Sur ce sujet, il vaudrait mieux s’intéresser à ce que disent les écologistes au sujet de la population. On n’est plus du tout aujourd’hui dans cette idée du nombre qui fait la force.
Comment peut-on analyser la baisse régulière, depuis une dizaine d’années, du taux de fécondité ?
En 2014, on était à deux enfants par femme. En 2022, on était à 1,8. On assistait alors à une baisse lente, graduelle. Puis tout à coup, il y a eu un décrochage de – 6,6 %.
La baisse lente, sur le long terme, est liée à un changement profond des structures de la famille. On constate d’ailleurs une convergence au niveau européen : l’écart entre les pays de l’UE se réduit depuis longtemps, puisque l’indice de fécondité baisse dans les pays où il était fort et il se maintient ou augmente dans les pays où il était faible.
La seconde explication repose sur l’évolution des rapports hommes-femmes concernant les diplômes et les tâches ménagères. Dans les années 1980, a été lancé en France le slogan selon lequel il fallait concilier vie familiale et vie professionnelle. Il consistait à chercher à faire en sorte que la famille ne soit pas un obstacle à la carrière des femmes.
Mais, en pointillé, il a conduit les femmes à mener une double journée de travail : une journée au travail, une journée pour les tâches ménagères, la famille et les enfants.
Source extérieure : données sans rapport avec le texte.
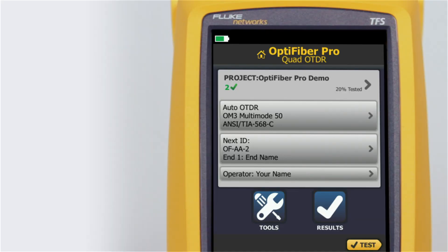When using the Optifiber Pro OTDR, Fluke Networks recommends you use launch and tail cords. You should also use the launch tail cord compensation function to remove the lengths of these fibers from the OTDR measurements. Launch and tail cords let the tester measure the loss and reflectance of the first and last connectors in the cabling and also include them in the measurement of the overall loss.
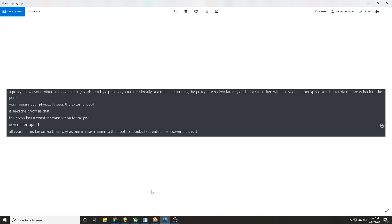Your miner never physically sees the external pool, it only sees the proxy. The proxy has constant connection to the pool, it's never interrupted. All your miners log in, now this is key, all your miners log in via the proxy as one massive miner to the pool.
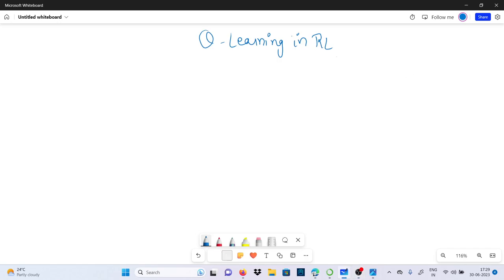Hello guys, this is Shethan Barma and you are watching my YouTube channel CSP Institute. Today I am going to talk about reinforcement learning. Reinforcement learning is a paradigm of learning process in which a learning agent learns over time to behave optimally in a certain environment by interacting continuously with the environment, and with respect to the environment, it keeps learning.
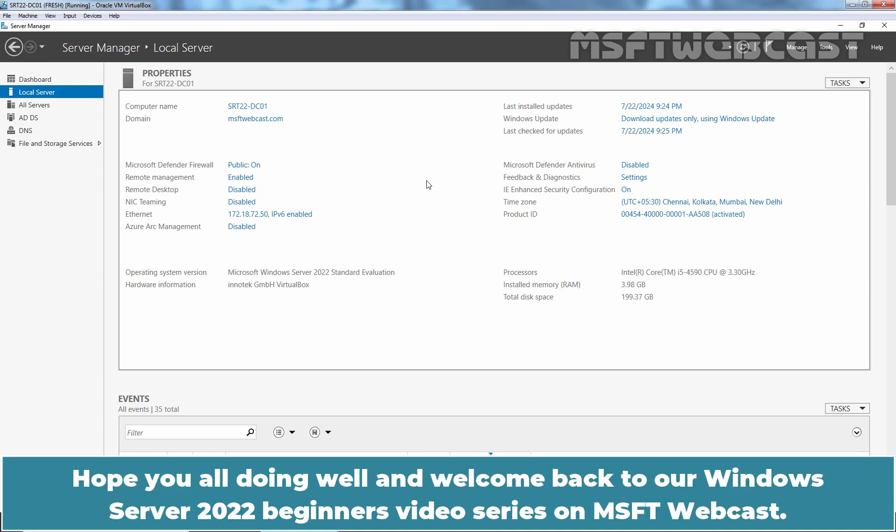Hello everyone. Hope you all doing well and welcome back to a Windows Server 2022 Beginners Video Series on MSFT Webcast.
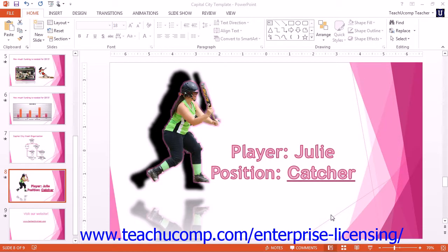You can record your own audio files to insert into a PowerPoint presentation slide. To do this, you will need to have a microphone connected to or installed within your computer. Then click the Audio drop-down button — or the Sound drop-down button for PowerPoint 2007 — located in the Media button group (or Media Clips button group for PowerPoint 2007) on the Insert tab within the ribbon.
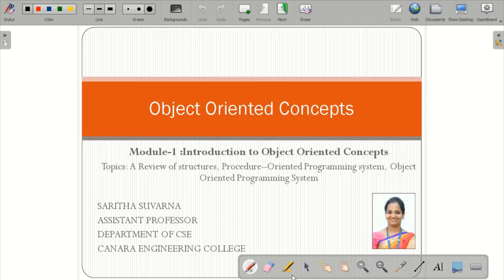Good morning students. Today we will be learning about object-oriented concepts. Module 1 is an introduction to object-oriented concepts, where we will be learning regarding a review of structures, procedure-oriented programming, and object-oriented programming system.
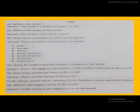These are seven continents in the world. Name the biggest and the smallest continent in the world. Asia is the biggest and Australia is the smallest continent in the world.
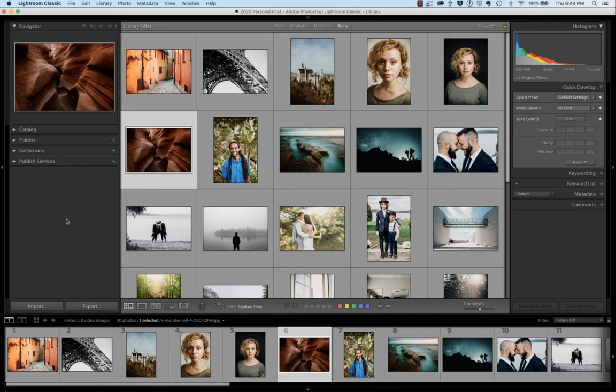Now many of you will be familiar with the Lightroom Classic app. However, to sync your presets you are going to want to be using the Lightroom CC app.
Ce modèle suppose, pour qu’il fonctionne bien, que les hommes s’intéressent davantage aux tâches familiales que par le passé. Or les enquêtes de l’Insee montrent qu’il y a un petit peu de progrès, mais pas beaucoup.
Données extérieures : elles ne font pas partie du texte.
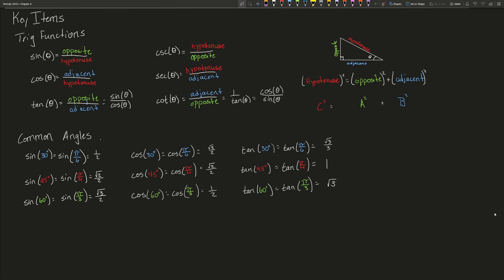We also need to be familiar with the Pythagorean theorem: a squared plus b squared equals c squared, or equivalently, hypotenuse squared equals opposite squared plus adjacent squared. We also need to know the common angles — 30, 45, and 60 — and be able to find the sine, cosine, and tangent of those angles, which correspond exactly with the unit circle. That, in a nutshell, is right triangle trig.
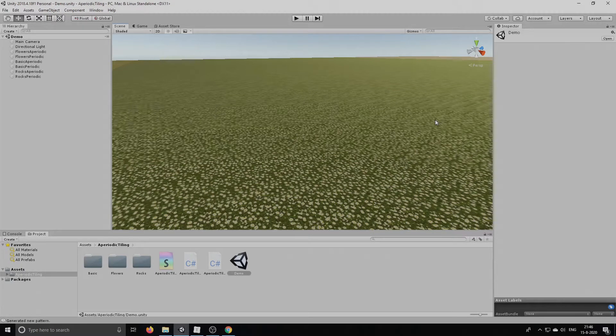Hi, my name is Thijs Versfeldt and I'm the author of the Aperiodic Tiling Unity plugin. In this tutorial I'm going to show you how to create a new custom tileset from a single source image.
Dans le même temps, et je pense que c’est le facteur important, sur les quarante dernières années, les femmes sont devenues nettement plus diplômées que les hommes. Donc elles ne voient pas pourquoi elles feraient ces doubles journées. Et elles pensent que leur carrière compte aussi.
Prenons les trois pays du sud de l’Europe, la Grèce, l’Italie et l’Espagne : ils ont des fécondités très faibles. On l’explique par la difficulté d’y concilier vie familiale et vie professionnelle. Une jeune femme qui a un enfant en Italie n’a presque aucune chance de trouver un emploi. Résultat : l’Italie est le pays d’Europe où l’âge moyen à la maternité est le plus élevé et celui où la fécondité est la plus faible.
La possibilité pour les femmes d’accéder à l’emploi dans des conditions relativement égalitaires est vraiment une variable importante de la fécondité. Pourtant, Emmanuel Macron n’a pas prononcé le mot « maternelle », ou le mot « crèche » dans son discours. C’est un vrai problème.
Un nouveau-né dans une maternité française en 2021. © Photo Amélie Benoist / BSIP via AFP
Il y a une troisième explication : la véritable cause du babyboom, c’est le rejet de l’enfant unique. Il y a eu de grosses campagnes dans l’entre-deux-guerres expliquant qu’être enfant unique était mauvais pour l’enfant. Cette idée a longtemps imprégné la mentalité française. Mais ce tabou s’est érodé. Les psychologues ont montré que les enfants uniques se portaient aussi bien que les autres, et la proportion de familles avec un seul enfant augmente en France.
Moins de 700 000 naissances en France en 2023, une baisse de 6,6 % par rapport à l’année précédente. Ce recul brutal est-il surprenant ? Et faut-il s’en inquiéter ?
On ne s’y attendait pas. On constatait une baisse lente depuis des années mais là, il s’agit d’une chute brusque. C’est assez mystérieux.
Mais ce n’est pas inquiétant. À court terme, c’est même plutôt positif : il y aura moins de pression sur le nombre d’enfants par classe, sur le nombre d’enfants par professeur, pourvu que l’État ne ferme pas des classes. Et puis, un enfant, ça coûte cher. Donc les ménages auront un peu plus d’argent pour la consommation ou pour l’épargne.
En revanche, dans 20-25 ans, les générations creuses arriveront à l’âge de l’emploi. Et là, cette baisse de la fécondité posera un problème pour financer les retraites. Mais on a le temps de voir venir. Surtout quand on fait une réforme des retraites tous les quatre ou cinq ans !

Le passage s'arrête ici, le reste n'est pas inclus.